This will tell GUESS that you want two nodes: a blue one called foo at (0,0) and a red one called bar at (100,100).  Notice that you don’t have to quote things explicitly (strings versus numbers).  The system should figure that out for you (unless your string has a comma in which case you’ll want to put it in quotes). 

 

This pre-defined list is simply our choice on node properties that have a specific meaning to the visualization.  We may add more in the future (font sizes, colors, complex shape definitions, etc.), but this is the set for now.  Usually you will want to add extra attributes to the node definitions.  For example, you may want to have a department property or maybe a salary.  Unlike the pre-defined nodes you will need to tell GUESS what kind of property this is (string, integer, etc.).  We use standard SQL to define these aspects.  For example:

 

nodedef> name,style,dept VARCHAR(32),salary INT default 40000

foo,1,dept1,50000

bar,2,dept2,52000

 

This file tells GUESS that you want to have two user defined columns, dept (the department) and salary.  Notice that we can define a default salary so that any new nodes added after the load will take on the default value.  After running GUESS on this .gdf file you will have two nodes and be able to access these properties in the same way as the pre-defined ones.  For example, typing “foo.style” will return 1 and “foo.salary” will return 50000.

 

Edges are defined in a very similar way, the only required columns for edges are “node1” and “node2” which are the names of the two nodes you are connecting.  A simple example is something like:

 

nodedef> name

a

b

c

d

edgedef> node1,node2

a,b

a,c

a,d

 

Which defines a star network centered on node a.  It will look something like Figure 5. 

 

Edges, like nodes, can contain pre-defined and user-defined attributes in the definition lines.  Valid pre-defined edge properties are:

·         visible – a boolean indicating if the edge should be displayed (default: true)
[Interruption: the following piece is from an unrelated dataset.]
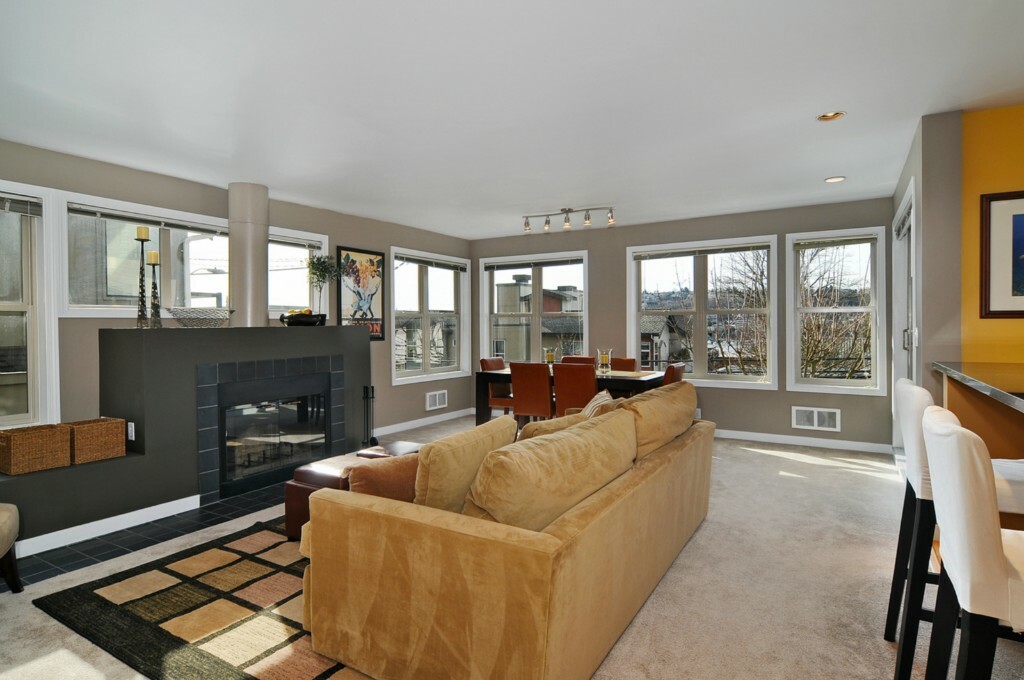 Property Photo:  201 E Boston St 2200  WA 98102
·         color – a string, the default color of the node (default: “green”). 

·         weight – a double indicating the edge weight (default: 1, but not currently used for calculations)
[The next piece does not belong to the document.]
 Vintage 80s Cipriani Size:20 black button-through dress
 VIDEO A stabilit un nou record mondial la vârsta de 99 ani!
·         width – double, node width (default: .3)

·         directed – boolean, indicating edge directionality (default: false, undirected/bidirected). If true, this will assume node1 is the source and node2 is the destination.

·         label – string, a label for the node in the visualization (default is the edge weight)

·         labelvisible – boolean, should we show the label? (default: false) 

 

 

One critical thing to note is that duplicated edges are not supported.  That is you can not create more than one edge of the same direction between two nodes.  At most you can have 3 edges between two nodes (a->b, b->a, and a-b).  Recall that a-b and a<->b are considered to be the same thing.  GUESS will try to remove duplicate edges (e.g. a->b and b<-a) for you (when loading the file), but sometimes this will fail and you will get an exception.  You can simulate this behavior by adding extra fields.

 

Again, just as in the case of nodes, any user-defined edge attributes can be added by putting them on the edgedef line.  Extending our previous example:

 

nodedef> name,style,dept VARCHAR(32),salary INT default 40000

bob,1,dept1,50000

john,1,dept1,49000

alice,2,dept2,52000

edgedef> node1,node2,directed,relationship VARCHAR(32)

bob,alice,true,reports to

john,alice,true,reports to

bob,john,false,colleague of

 

Using something like this you will be able to say “(bob-john).relationship” in GUESS and get back “colleague of.”

4.1.1 Node Styles

 

As we described above there are a number of predefined nodes styles.  The following image shows these styles:

 

 

 

 

Node style 7 has its “image” field set to hplogo.jpg (a local file). It is also possible to “push” an image (a java object) to an image style node.  This allows you to create new images dynamically.  For example, CustomNodes.py in the scripts directory will generate an “aqua” style button for each node when convertAllToAqua() is called.  The result would look something like:

 

Finally, it is now possible to define your own polygon shapes for nodes.  By generating a style id (an integer > 100) and associating it with a Shape object in the shapeDB you will be able to create your own shapes.  For example, we can create diamond, triangle, or star shapes using the following code (also in shapetest.py):

 

from java.awt.geom import GeneralPath

from java.awt import Polygon

import jarray

 

xpoints = jarray.array((10,5,0,5),'i')

ypoints = jarray.array((5,10,5,0),'i')

diamond = Polygon(xpoints,ypoints,4);

shapeDB.addShape(104,diamond)

 

xpoints = jarray.array((55, 67, 109, 73, 83, 55, 27, 37, 1, 43),'i')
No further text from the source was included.